To understand Chief US District Judge Mark Wolf's landmark ruling ordering the state of Massachusetts to provide taxpayer-funded sex-reassignment surgery for a transgender prisoner, you need to understand this: a "sex-change operation" is not cosmetic surgery.
Wolf is a tough-minded judge. We can imagine him (at one level) being amused at the talk of his courageous decision, while appreciating (on another level) that this was a ruling that would stir political passions.
Both, of course, are true.
But what Wolf did was relatively simple and straightforward. The 126-page order laid out Wolf's thinking, which was comprehensive, impressively sweeping, and inclusive. In essence, Wolf connected a finite series of dots: prisoner has a recognized medical condition; prisoner has the right to medical treatment; doctors retained by the state Department of Corrections recommend an operation for the prisoner. Conclusion: the prisoner has a right to that surgery.

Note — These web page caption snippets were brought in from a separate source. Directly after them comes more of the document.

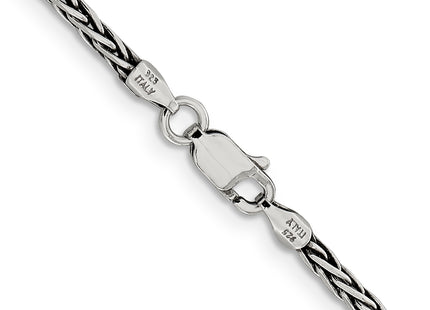 Sterling Silver Antiqued Solid Square Spiga Chain, 18 x 2.2mm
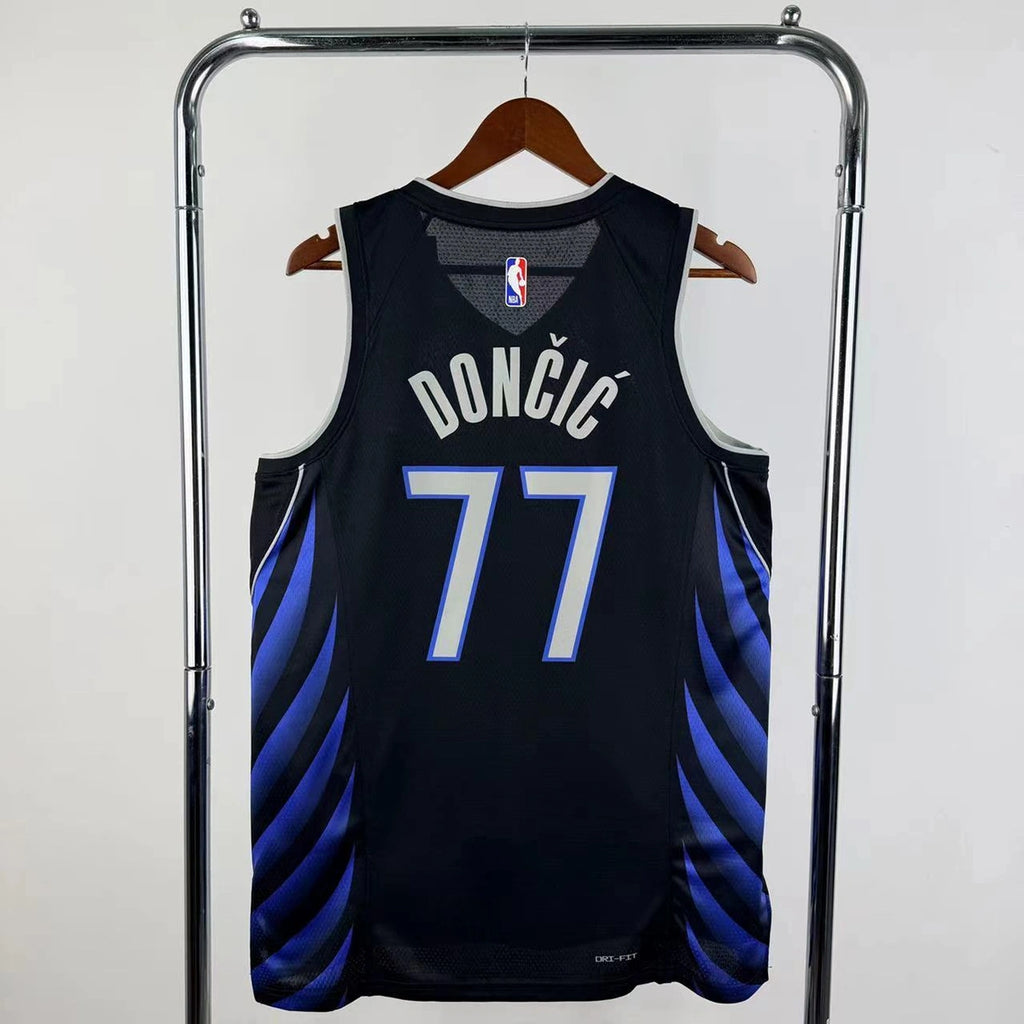 Dallas Mavericks 2025-26 city edition basketball jersey close-up of jersey number and player name in team colors for basketball fans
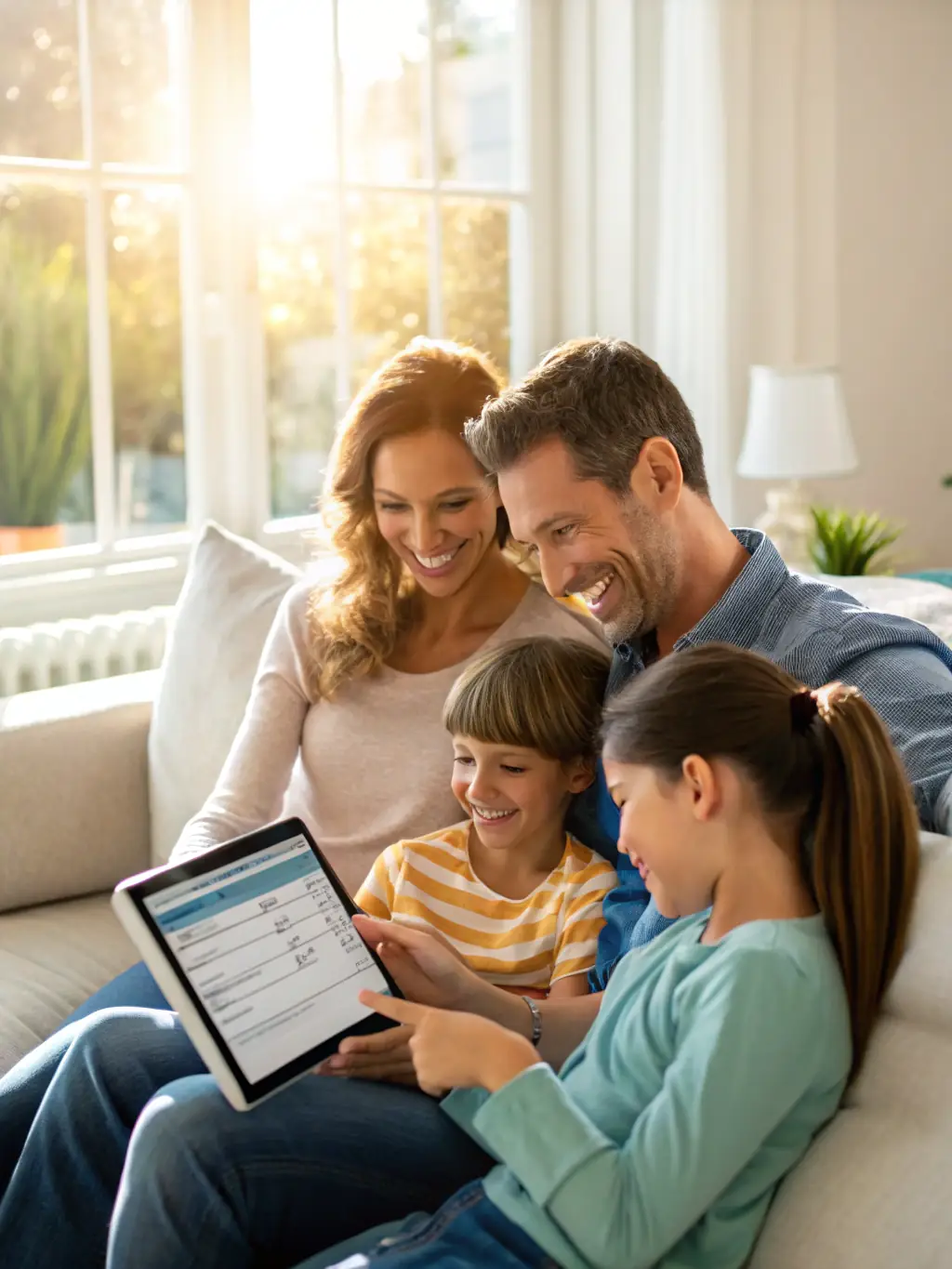 A modern Mexican family using a digital tablet to review their financial plan with a consultant, showcasing the ease of financial planning.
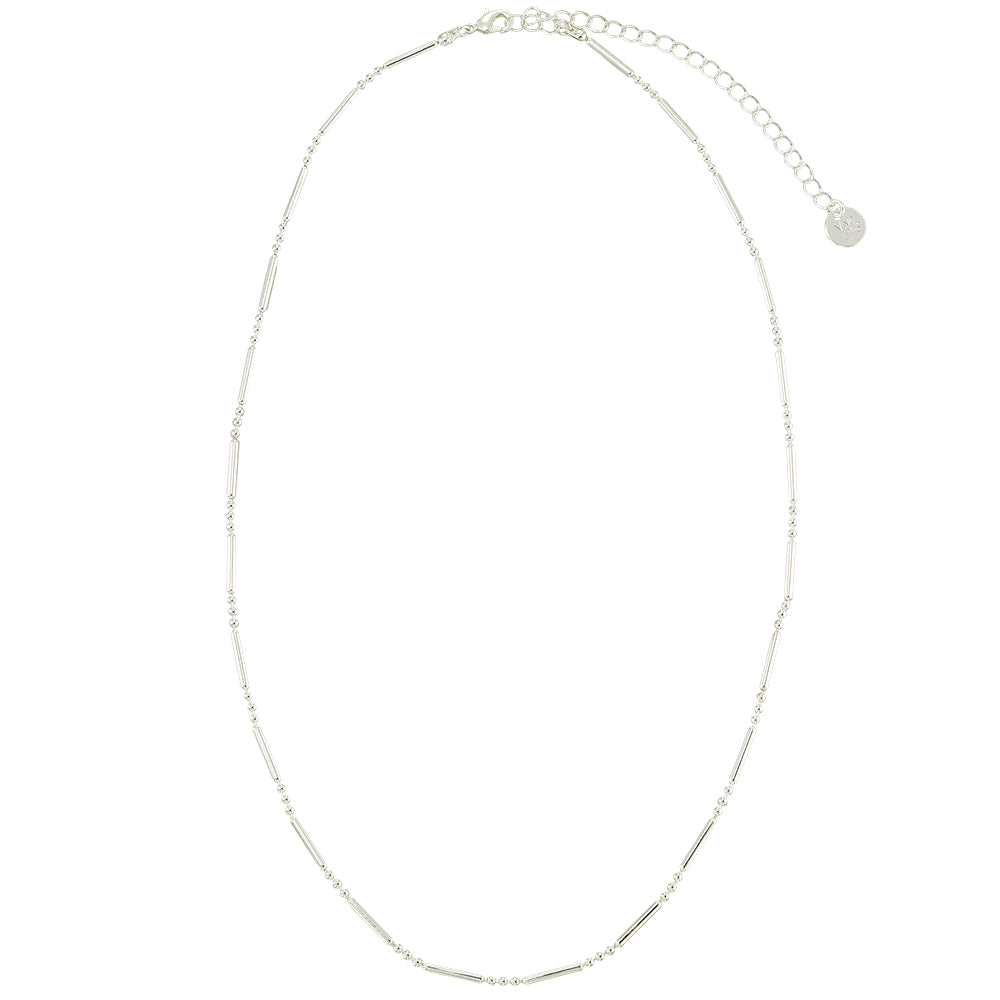 Metal Tube Bead Chain 16″ Necklace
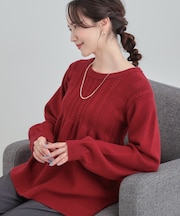 【S-LL】気になるお腹周りをカバー ケーブル編みペプラムニット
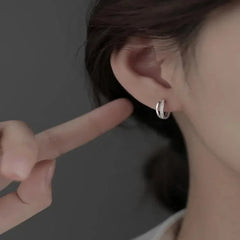 Inlaid Zircon 925 Sterling Silver hoop Earrings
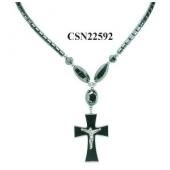 Hematite Cross Pendant Beads Stone Chain Choker Fashion Women Necklace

A complicating factor in this case is that the prisoner, who for many years has identified herself as Michelle Kosilek, was in 1993 convicted of a brutal murder. At the time of the crime, Michelle was named Robert, and the victim was Kosilek's wife.
Kosilek is an unsympathetic poster child for prisoner or transgender rights. And those two issues are central to this case.
It has long been established that to deny convicts medical treatment is not just inhumane, it is unconstitutional. Letting medical conditions go untreated violates the US Constitution's prohibiting against cruel and unusual punishment. Prison authorities do not have the right to determine if it is a good investment or a wise use of public funds to fix prisoners' teeth or to allow them to be treated for cancer. They have no choice, no discretion in these matters.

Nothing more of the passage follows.